What is needed is an exact copy of the data that follows.

[Start of Attachment]

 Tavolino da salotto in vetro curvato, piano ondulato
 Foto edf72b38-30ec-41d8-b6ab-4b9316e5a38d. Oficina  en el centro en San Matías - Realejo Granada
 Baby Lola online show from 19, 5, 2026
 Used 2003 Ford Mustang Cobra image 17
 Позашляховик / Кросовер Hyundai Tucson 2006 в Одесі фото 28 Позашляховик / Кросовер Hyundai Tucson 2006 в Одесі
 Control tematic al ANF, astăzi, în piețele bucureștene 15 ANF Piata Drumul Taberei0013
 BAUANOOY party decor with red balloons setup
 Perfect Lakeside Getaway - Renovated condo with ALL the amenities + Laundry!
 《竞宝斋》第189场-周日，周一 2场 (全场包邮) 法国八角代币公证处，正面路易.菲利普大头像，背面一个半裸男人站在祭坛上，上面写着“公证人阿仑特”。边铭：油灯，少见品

[End of Attachment]

• YOUR RESPONSE:
 Tavolino da salotto in vetro curvato, piano ondulato
 Foto edf72b38-30ec-41d8-b6ab-4b9316e5a38d. Oficina  en el centro en San Matías - Realejo Granada
 Baby Lola online show from 19, 5, 2026
 Used 2003 Ford Mustang Cobra image 17
 Позашляховик / Кросовер Hyundai Tucson 2006 в Одесі фото 28 Позашляховик / Кросовер Hyundai Tucson 2006 в Одесі
 Control tematic al ANF, astăzi, în piețele bucureștene 15 ANF Piata Drumul Taberei0013
 BAUANOOY party decor with red balloons setup
 Perfect Lakeside Getaway - Renovated condo with ALL the amenities + Laundry!
 《竞宝斋》第189场-周日，周一 2场 (全场包邮) 法国八角代币公证处，正面路易.菲利普大头像，背面一个半裸男人站在祭坛上，上面写着“公证人阿仑特”。边铭：油灯，少见品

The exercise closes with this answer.